Is the ability to Connect the Dots Hereditary?
Is there a dish that your Mother or Grandmother prepares/d, that has/d a special flavor, which no one else could replicate and people visiting your home, ask/ed for it to be on the menu, before visiting?
Is there a dish that your Daughter or Son prepares or is likely to prepare, that has or would have a special flavor, which no one else could replicate and people visiting your home, ask or would ask for it to be on the menu, before visiting?
Chances are that most responses to the first question are in the affirmative while most people would be unsure about the second. There would be a few exceptions of course. Just a few.
The credit for this does not go to your mother or the grandmother. Nor is your daughter or son to blame for not having a signature dish, in their name.
The earlier generations spent a disproportionately long time, sourcing, cleaning and experimenting with proportions of each ingredient that went into a dish. If your mother’s Biryani, Sambar or Kheer tasted better than anyone else’s, it was because she varied the sequence of adding the ingredients and the duration of each stage of cooking, till she arrived, after multiple attempts, at a ‘formula’ that tasted the best. And that is what she codified and everyone loved.
Your daughter or son are unlikely to spend that much time sourcing the ingredients or experimenting with the stages. On most days, food would be ordered in or taken out of a packet lying in the freezer. On a rare weekend afternoon, when ‘cooking’ is undertaken, the ingredients would be premixed and the recipe prompted by the mother, YouTube or similar.
What have these 282 words got to do with Connecting the dots and Heredity?
The earlier generations, including mine, while growing up, did not have access to information as readily as we have today.
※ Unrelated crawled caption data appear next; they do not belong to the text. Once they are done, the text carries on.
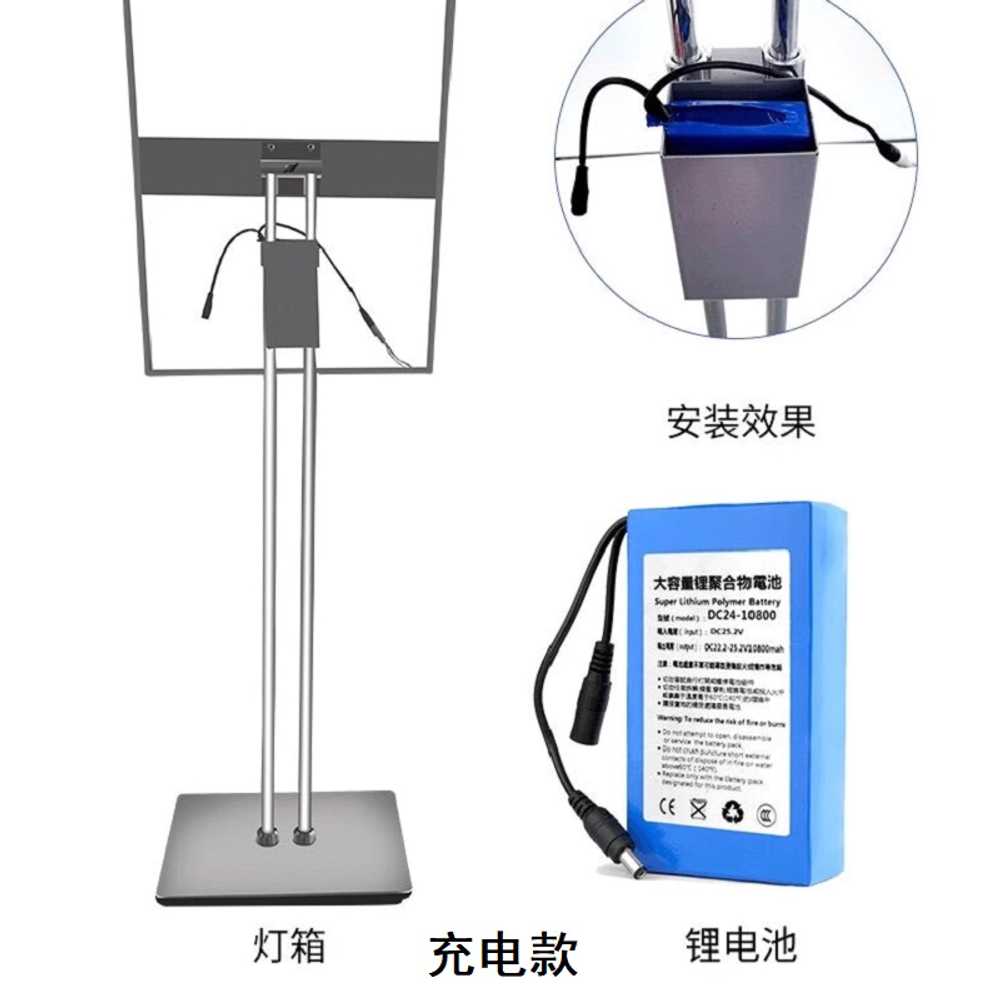 LED 메뉴판 프레임 슬림 평면형 테이블형 실내용 배너 297mmx420mm 이미지 6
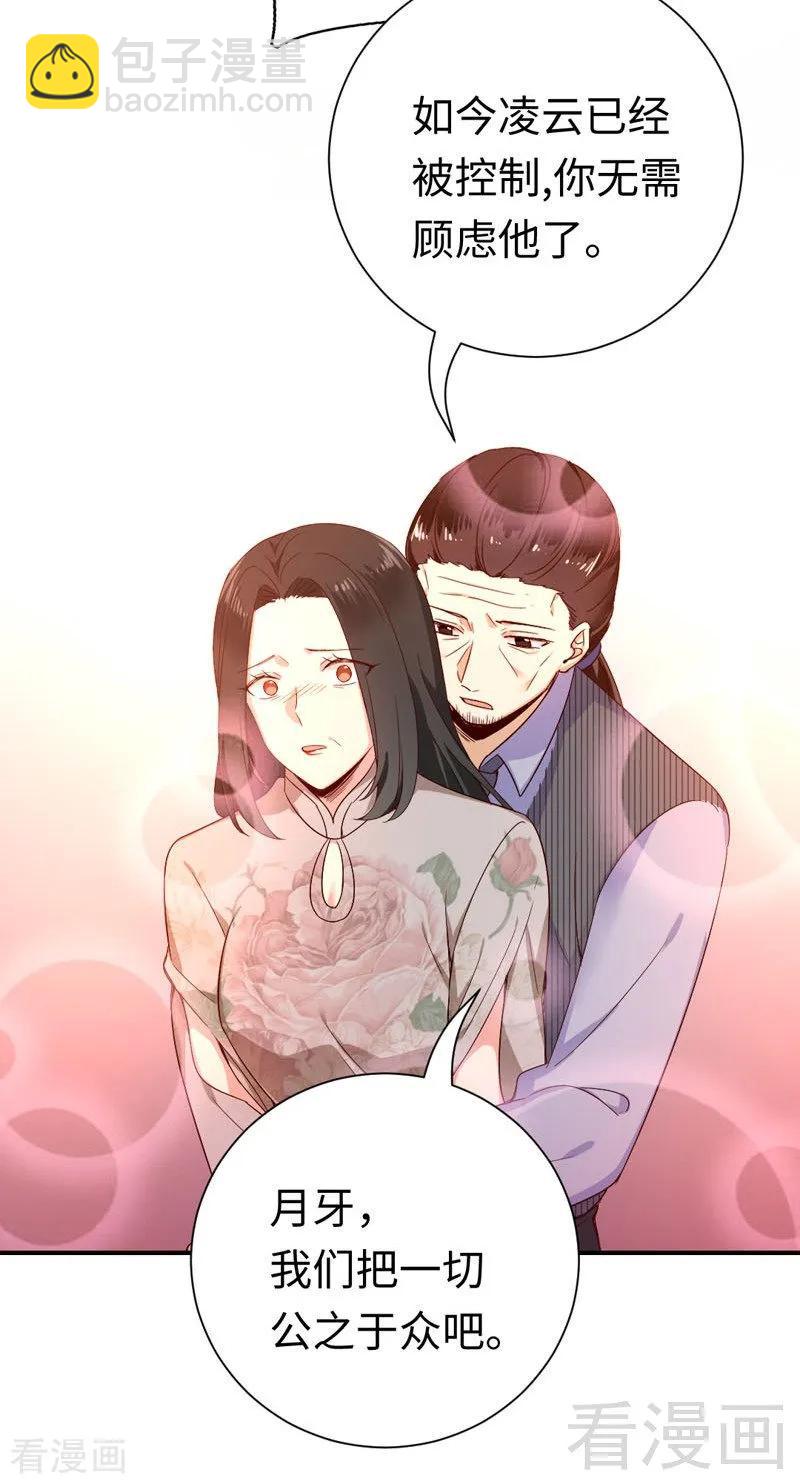 第121话 佳偶天成-第122话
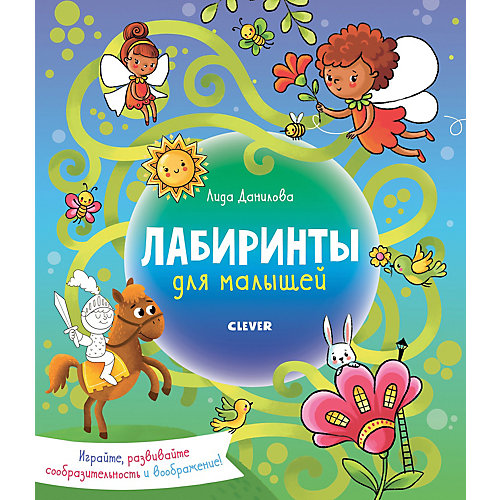Книга с заданиями Clever "Лабиринты для малышей" от Clever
If they wanted to know about something, they went to the library. Calculators were expensive and computers did not exist. Magazines were printed and had fortnightly or monthly editions. People did not have screens that they pored over while they were at home or when they traveled. If it was day, they looked out of the window of the room or the bus they were in and during the night, they observed those around them and their behavior. Possibly even interacted with them and exchanged views.
Observing real people and their activities, events and their outcomes, helped them establish patterns and predict the natural next step of whatever they saw. And they improved with every observation and interaction.
In the 1980s, while on a market visit to the outskirts of Bikaner, on a hot summer afternoon with clear blue skies, I observed some older folks, sitting under a tree, bet on whether it would rain that night or not. As per met records, Bikaner has only 26 rain days in a year and it actually poured that night. The man betting on it could predict by observing the wind speed, its direction and the smell of the air.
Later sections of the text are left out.